Limit and offset for row pruning

By R. S. Doiel, 2024-10-31

I recently needed to prune data that tracked report requests and their processing status. The SQLite3 database table is called “reports” and has four columns.

The problem is the generated report can be requested as needed. I wanted to maintain the request data for the most recent one. The “src” column has the report name and status. That is easily checked using the JSON notation supported by SQLite3 (v3.47.0). It’s easy to get the most recent completed row with a simple SELECT statement using both an ORDER clause and LIMIT clause.

select id
  from reports
  where src->>'report_name' = 'myreport' and
        src->>'status' = 'completed'
  order by updated desc
  limit 1

This gives me the key to the most recent record. How do I get a list of he rows I want to prune? The answer is to use the LIMIT cause with an OFFSET modifier. The OFFSET let’s us skip a certain number of rows before applying the limit. In this case I want to skip one row and show the rest. This database table doesn’t get that big so I can use a limit like one thousand. Here’s what that looks like.

select id
  from reports
  where src->>'report_name' = 'myreport' and
        src->>'status' = 'completed'
  order by updated desc
  limit 1000 offset 1

Now that I have my list of ids I can combine it with a DELETE statement which has a WHERE clause.
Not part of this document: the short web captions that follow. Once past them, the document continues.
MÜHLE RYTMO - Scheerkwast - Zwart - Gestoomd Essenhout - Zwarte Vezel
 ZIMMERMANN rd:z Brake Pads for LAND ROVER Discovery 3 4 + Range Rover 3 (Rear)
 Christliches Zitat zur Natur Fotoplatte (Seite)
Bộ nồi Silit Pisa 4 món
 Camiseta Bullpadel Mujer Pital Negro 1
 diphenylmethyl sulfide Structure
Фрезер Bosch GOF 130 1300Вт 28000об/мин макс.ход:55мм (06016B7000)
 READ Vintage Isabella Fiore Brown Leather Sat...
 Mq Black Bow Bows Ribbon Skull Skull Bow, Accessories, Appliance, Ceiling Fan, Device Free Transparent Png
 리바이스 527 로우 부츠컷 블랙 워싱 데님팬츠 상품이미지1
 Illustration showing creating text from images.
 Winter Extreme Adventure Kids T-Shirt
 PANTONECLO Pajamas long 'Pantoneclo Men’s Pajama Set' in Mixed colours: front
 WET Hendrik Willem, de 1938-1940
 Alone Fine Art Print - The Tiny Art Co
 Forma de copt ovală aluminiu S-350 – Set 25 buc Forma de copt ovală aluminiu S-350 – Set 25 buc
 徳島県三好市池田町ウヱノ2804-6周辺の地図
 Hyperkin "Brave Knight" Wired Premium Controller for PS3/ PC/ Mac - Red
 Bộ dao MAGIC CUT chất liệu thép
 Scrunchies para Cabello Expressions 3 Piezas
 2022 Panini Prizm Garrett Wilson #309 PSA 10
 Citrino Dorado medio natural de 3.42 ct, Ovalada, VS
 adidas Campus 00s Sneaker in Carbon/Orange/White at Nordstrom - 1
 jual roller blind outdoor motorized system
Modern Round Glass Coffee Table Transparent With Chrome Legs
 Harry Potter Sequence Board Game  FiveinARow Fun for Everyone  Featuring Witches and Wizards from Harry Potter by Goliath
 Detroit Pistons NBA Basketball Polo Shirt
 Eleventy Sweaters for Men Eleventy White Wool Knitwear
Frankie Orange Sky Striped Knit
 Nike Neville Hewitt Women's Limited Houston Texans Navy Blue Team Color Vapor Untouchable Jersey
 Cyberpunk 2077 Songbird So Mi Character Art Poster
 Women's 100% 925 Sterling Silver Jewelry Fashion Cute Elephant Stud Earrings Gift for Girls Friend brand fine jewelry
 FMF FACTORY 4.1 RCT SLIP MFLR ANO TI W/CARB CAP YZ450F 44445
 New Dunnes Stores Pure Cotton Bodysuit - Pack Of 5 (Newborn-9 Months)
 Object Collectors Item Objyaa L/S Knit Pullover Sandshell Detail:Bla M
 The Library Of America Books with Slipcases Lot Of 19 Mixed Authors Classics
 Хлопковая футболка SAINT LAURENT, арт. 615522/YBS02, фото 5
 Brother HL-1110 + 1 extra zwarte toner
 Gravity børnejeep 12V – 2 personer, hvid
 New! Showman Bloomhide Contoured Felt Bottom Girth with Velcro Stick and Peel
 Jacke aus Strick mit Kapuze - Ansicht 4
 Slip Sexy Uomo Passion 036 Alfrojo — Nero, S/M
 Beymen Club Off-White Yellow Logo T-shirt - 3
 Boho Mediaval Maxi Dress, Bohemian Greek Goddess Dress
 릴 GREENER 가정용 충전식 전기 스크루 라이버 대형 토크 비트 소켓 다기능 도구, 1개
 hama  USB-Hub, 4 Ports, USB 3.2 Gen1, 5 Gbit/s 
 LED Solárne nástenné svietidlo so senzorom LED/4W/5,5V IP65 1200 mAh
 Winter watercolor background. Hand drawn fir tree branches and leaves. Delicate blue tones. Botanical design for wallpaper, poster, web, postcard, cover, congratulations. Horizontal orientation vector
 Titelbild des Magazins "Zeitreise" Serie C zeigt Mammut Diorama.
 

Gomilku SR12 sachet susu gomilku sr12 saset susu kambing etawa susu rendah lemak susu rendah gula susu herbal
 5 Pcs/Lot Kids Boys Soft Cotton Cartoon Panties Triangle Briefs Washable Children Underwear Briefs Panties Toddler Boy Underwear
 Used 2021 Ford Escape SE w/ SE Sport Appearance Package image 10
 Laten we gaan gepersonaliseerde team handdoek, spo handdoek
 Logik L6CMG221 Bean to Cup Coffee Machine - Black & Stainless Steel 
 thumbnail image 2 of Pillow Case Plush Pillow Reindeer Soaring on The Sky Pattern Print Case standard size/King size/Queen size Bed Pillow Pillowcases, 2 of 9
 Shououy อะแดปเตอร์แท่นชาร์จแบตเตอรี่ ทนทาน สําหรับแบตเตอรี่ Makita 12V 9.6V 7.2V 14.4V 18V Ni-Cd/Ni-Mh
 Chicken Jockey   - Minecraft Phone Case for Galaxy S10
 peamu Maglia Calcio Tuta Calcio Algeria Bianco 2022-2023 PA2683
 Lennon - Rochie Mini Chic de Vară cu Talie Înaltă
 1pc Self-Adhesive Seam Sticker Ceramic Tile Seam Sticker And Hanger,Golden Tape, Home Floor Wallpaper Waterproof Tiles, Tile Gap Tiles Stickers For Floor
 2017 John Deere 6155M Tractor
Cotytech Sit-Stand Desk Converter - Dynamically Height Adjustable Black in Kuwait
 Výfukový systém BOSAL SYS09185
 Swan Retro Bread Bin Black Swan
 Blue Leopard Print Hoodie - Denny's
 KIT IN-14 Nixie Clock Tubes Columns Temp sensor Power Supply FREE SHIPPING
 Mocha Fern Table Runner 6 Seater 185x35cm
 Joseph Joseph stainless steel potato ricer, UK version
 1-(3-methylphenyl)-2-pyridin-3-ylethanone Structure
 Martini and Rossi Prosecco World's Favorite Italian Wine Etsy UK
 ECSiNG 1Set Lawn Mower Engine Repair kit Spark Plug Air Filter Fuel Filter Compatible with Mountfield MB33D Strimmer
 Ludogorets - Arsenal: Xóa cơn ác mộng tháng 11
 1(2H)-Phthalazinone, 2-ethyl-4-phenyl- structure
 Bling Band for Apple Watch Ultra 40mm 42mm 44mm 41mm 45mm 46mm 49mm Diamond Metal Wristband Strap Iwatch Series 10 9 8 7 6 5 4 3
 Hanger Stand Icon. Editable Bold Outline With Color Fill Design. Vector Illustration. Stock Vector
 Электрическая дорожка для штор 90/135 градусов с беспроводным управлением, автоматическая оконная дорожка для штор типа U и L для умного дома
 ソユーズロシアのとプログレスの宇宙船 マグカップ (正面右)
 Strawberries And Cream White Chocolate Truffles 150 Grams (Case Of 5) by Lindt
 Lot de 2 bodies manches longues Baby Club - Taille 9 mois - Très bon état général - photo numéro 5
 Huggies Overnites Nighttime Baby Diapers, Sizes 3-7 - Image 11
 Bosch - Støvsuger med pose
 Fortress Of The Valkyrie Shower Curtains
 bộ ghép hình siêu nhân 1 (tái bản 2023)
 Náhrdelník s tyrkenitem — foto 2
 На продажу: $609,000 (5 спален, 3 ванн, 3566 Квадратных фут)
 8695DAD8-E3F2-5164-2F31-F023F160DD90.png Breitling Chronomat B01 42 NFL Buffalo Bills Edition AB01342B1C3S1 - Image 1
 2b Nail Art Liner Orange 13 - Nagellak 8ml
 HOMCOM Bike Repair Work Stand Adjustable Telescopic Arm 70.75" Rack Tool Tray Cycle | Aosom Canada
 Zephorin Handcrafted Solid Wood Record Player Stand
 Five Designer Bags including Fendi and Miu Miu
The WHERE clause will use the IN operator to iterate over the list of ids from my select statement.

Putting it all together it looks like this.

delete from reports
  where id in (
    select id
      from reports
      where src->>'report_name' = 'myreport' and
            src->>'status' = 'completed'
      order by updated desc
      limit 1000 offset 1
)

The nice thing is I can run this regularly. It will never delete the most recent row because the offset value is one.